JAYAPURA- Identifikasi Orang Asli Papua (OAP) yang mendiami wilayah perbatasan Papua (RI) dan Papua New Guinea (PNG) hingga kini belum tuntas. Hal itu disebabkan cara hidup masyarakat tersebut yang berpindah-pindah tempat. Kendala lainnya adalah tidak adanya batas wilayah yang jelas dan masih berpatokan pada garis bayangan seperti gunung dan sungai.
Demikian dikemukakan Kepala Biro Perbatasan dan Kerjasama Luar Negeri Papua (PKLN), Suzana D Wanggai,S.Pd menginteraksi temuan Pemerintah Kabupaten Keerom tentang adanya wilayah tak bertuan di Keerom tepatnya di Distrik Yaffi.
Menurut Suzana Wanggai dengan patokan batas wilayah seperti garis sungai dan gunung menyebabkan Pemerintah Papua kesulitan untuk mengindentifikasi penduduk di wilayah yang berbatasan langsung dengan negara PNG. “Mereka hidup berpindah-pindah sehingga sulit menentukan kewarganegaraan mereka. Apakah warga warga kita (RI) atau PNG,”katanya.
Untuk mengatasi masalah tersebut, kata Suzana Wanggai, maka diperlukan kerjasama dengan semua pihak untuk verifikasi dan identifikasi batas wilayah dan kewarganegaraan. Penanganannya juga diperlukan kehati-hatian mengingat kompleksitas diperbatasan mencakup garis batas wilayah dan kependudukan.
Wanggai menegaskan pemerintah memberikan perhatian khusus kepada masyarakat yang berada di perbatasan. Oleh karena itu, masalah-masalah kependudukan diselesaikan dengan kerjasama antar pemerintah RI-PNG. Misalnya, ada OAP yang tinggal di wilayah PNG maka yang bersangkutan harus kembali ke Papua (RI). Begitupun jika ada warga PNG yang bermukim di wilayah Indonesia maka yang bersangkutan harus pulang ke negaranya.
Langkah kongkritnya adalah join verifikasi antara pemerintah RI dan PNG dengan meninjau langsung pemukiman masyarakat serta melakukan identifikasi bersama sehingga penyelesaian masalah tersebut secara seksama.

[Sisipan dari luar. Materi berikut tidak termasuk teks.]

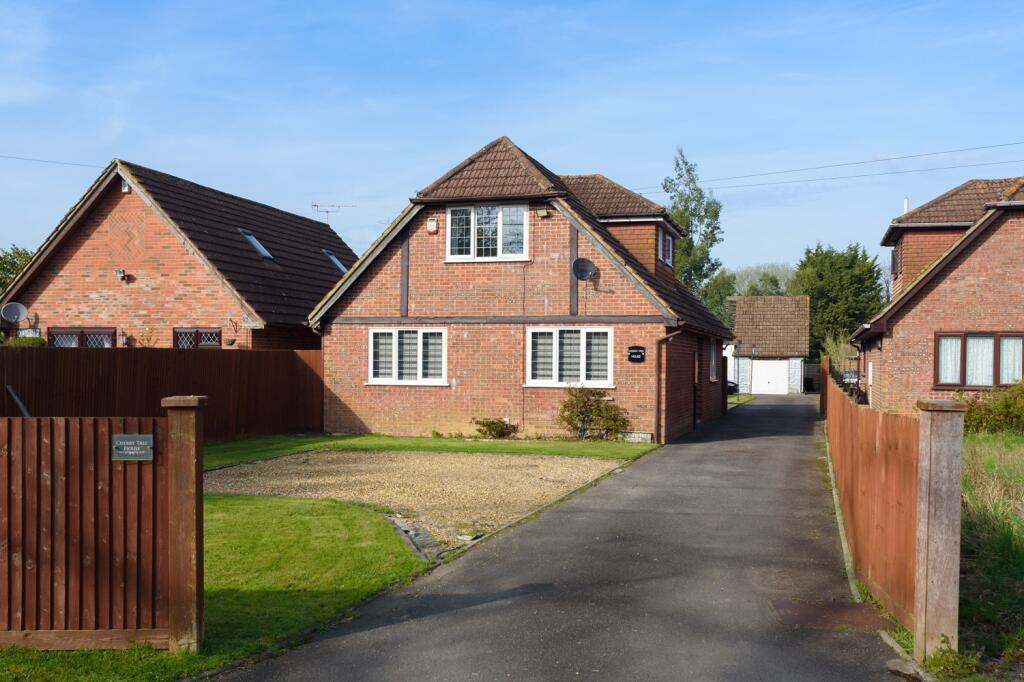 Main image of property: Steeds Lane, Kingsnorth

Seelumnya, Asisten Bidang Pemerintahan Kabupaten Keerom, Sucahyo Agung seperti dikutip Tabloid Jubi Online mengatakan bahwa di Distrik Yaffi,terdapat wilayah tak bertuan yang luasnya sekitar 2000 kilometer persegi (km²).
Sucahyo Agung menjelaskan, dari titik koordinat batas Indonesia dengan titik perjanjian antara Inggris dan Belanda (1895), terdapat jarak sepanjang 5 kilometer. Di situlah terdapat 12 dusun yang dihuni 160 kepala keluarga. “Kalau ditanya mereka mengaku orang Indonesia, memang dulunya mereka adalah warga negara kita, namun karena ada operasi militer pada tahun 80an, mereka lari ke daerah tersebut dan menetap,” kata Sucahyo saat tatap muka dengan Komisi VI DPR RI, di Jayapura, Senin (30/7/2018).

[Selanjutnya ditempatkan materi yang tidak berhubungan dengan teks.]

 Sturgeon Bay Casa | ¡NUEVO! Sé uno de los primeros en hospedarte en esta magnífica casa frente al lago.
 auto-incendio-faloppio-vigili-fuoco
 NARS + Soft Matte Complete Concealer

Di samping ketidak jelasan status, wilayah itu sering terdapat peredaran miras oplosan dan ganja yang dilakukan masyarakat setempat. Bahkan kata ia, TNI tidak berani mengambil tindakan dengan keluar dari titik koordinat batas Indonesia, begitu juga dengan pihak Papua Nugini (PNG).